В ночь на 13 ноября 1974 года не стало Сергея Урусевского — выдающегося оператора, ученика Владимира Фаворского и Александра Родченко, полноправного соавтора таких режиссеров, как Михаил Калатозов («Первый эшелон», «Летят журавли», «Неотправленное письмо», «Я — Куба»), Григорий Чухрай («Сорок первый»), Марк Донской («Сельская учительница») и многих других. В свой последний год он готовился к съемкам третьего режиссерского проекта «Дубровский» по сценарию Геннадия Шпаликова, который ушёл из жизни незадолго до самого Урусевского. Сегодня мы публикуем уникальные кадры из семейного архива Сергея Павловича, предоставленные его дочерью Ингой Сергеевной Урусевской и внуком Андреем Родионовым. Автор комментариев к фотографиям – правнук Сергея Урусевского, сценарист Александр Родионов.
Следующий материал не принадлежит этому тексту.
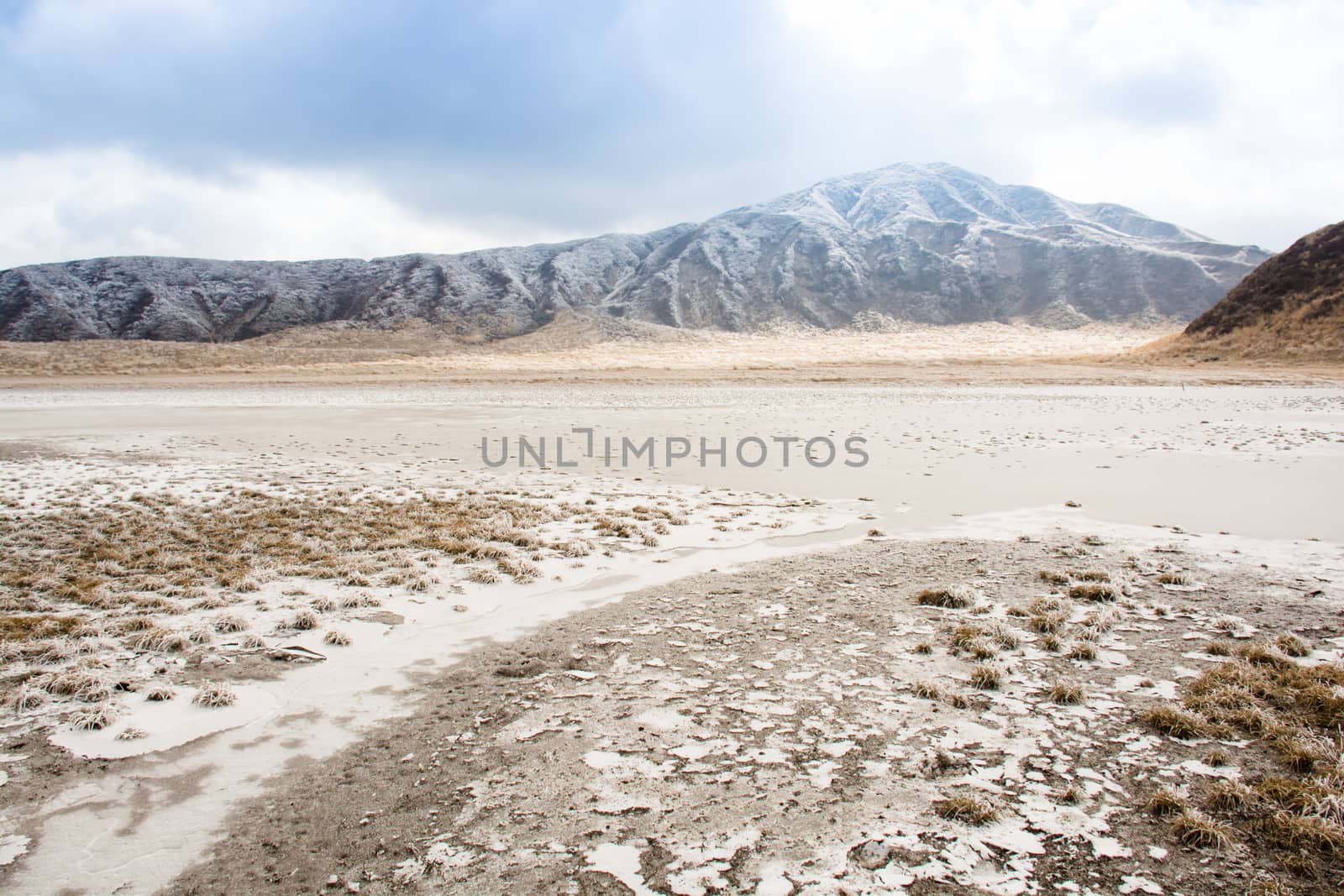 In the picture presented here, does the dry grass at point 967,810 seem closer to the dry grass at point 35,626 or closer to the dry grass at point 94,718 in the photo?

В ночь на 13 ноября 1974 года в московской больнице умер человек, который не должен был умирать, — Сергей Урусевский, кинооператор, изменивший для советского и мирового кино пределы возможностей киносъемки. Это не была ожидаемая, предвидимая смерть — плановое лечение, несложная операция. Вдруг все пошло плохо, и сильный живой художник и человек умер — на 66-м году своей жизни, на всего лишь шестом году своей жизни кинорежиссера — к которой так долго шел и в которой видел так многое. Сегодня с той ночи прошло полвека, 50 лет. Пусть эта грустная дата станет поводом вспомнить о нем живом.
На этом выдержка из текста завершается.